UCLA law professor Stephen Bainbridge, a friend of this site, recently chose to submit and publish a diversity statement emphasizing his efforts to foster a more ideologically diverse atmosphere at his UC campus — testing whether diversity as such, or only some manifestations of it, are the goal [AEI “Carpe Diem”] It caused a stir [Bainbridge blog, reactions and emails; some faculty at campuses like UC Davis have begun to push back] Given that UC is a public university, the prospects for a legal challenge appear strong, and there is interest in mounting a suit [Brian Leiter]
Meanwhile at the national and federal level, a $241 million cluster-hire grant program from the National Institutes of Health (NIH) “is requiring every candidate to prove that they have already promoted diversity”; among those who may lose out are “minority candidates who have been doing things other than ‘changing the culture'” [Jerry Coyne]
February 5 roundup
- If your personal injury lawyer instructs you not to file a claim with your health insurer concerning your medical care, you may instead be in the hands of a “lien doctor” [Sara Randazzo, WSJ, paywall]
- Supreme Court passes up opportunity to decide whether the Constitution’s Excessive Fines Clause applies to business defendants, and also whether a state can conjure an excessive fine out of existence by conceptually slicing it up into smaller daily fines [Ilya Shapiro on Cato support for certiorari petition in Dami Hospitality v. Colorado; petition denied January 13]
- Assessing (favorably) the Trump Administration record on regulation [Cato Daily Podcast with William Yeatman and Caleb Brown; Casey Mulligan, Economics 21]
- Twelve scholars pick their favorite dissents in Canadian law, and the result might furnish something of a mini-education in the jurisprudence of Canada, where unions, for example, are deemed to have a constitutional right to strike [Double Aspect via Prawfsblawg]
- Ben Barton of the University of Tennessee, whose books we’ve much admired, has a new one out on a topic dear to our heart, called Fixing Law Schools [Scott Jaschik interview, Inside Higher Ed via Caron/TaxProf]
- This, except not disapprovingly: current administration retreats from predecessor’s moves to define international human rights as including economic welfare and social justice claims [JoAnn Kamuf Ward and Catherine Coleman Flowers, Columbia Human Rights Law Review]
“Make room for lemonade stands”
A new bill in the Maryland General Assembly would prohibit counties and cities from banning children’s lemonade stands when set up occasionally on private property.

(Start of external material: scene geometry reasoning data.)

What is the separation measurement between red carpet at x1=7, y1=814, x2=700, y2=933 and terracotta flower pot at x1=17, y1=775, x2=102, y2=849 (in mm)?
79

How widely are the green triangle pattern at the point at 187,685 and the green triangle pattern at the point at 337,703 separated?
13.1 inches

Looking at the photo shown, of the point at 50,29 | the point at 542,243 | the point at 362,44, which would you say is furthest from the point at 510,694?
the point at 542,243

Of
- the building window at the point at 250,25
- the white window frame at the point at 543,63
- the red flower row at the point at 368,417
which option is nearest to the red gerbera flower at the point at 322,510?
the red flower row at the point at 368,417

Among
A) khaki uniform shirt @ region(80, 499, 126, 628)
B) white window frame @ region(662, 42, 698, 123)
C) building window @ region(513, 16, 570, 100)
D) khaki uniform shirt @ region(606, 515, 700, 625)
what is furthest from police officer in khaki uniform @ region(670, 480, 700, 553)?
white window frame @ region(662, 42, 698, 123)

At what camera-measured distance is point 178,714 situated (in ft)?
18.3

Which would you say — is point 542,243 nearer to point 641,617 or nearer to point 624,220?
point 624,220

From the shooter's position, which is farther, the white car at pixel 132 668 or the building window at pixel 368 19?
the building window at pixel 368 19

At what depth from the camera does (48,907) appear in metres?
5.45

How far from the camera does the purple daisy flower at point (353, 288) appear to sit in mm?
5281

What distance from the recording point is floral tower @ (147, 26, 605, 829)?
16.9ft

I submitted these perhaps somewhat tongue-in-cheek comments advising lawmakers to stop them young:
“Today’s breaker of low-level regulations is tomorrow’s breaker of more serious regulations. The ten year old who dabbles in lemonade selling today could become tomorrow’s bringer of a church potluck casserole prepared in a home kitchen rather than an inspected commercial facility. A few years later, accustomed to the ways of regulation-breaking, that same miscreant might use that same home kitchen to bake a dozen pies, plus one for good luck, to bring to a homeless shelter for Thanksgiving.
“The time to stop it is when it starts — on the June day when the first pitcher of lemonade is mixed and hawked to passersby for 50 cents, plus a tip if you get lucky. Stop them young, or they will get used to serving others and along the way learning to act and think for themselves.
“Does this all sound a little crazy and upside down? Well, it is. We should make it easier, not harder, for kids to be enterprising, well organized, and friendly, all lessons of the lemonade stand.”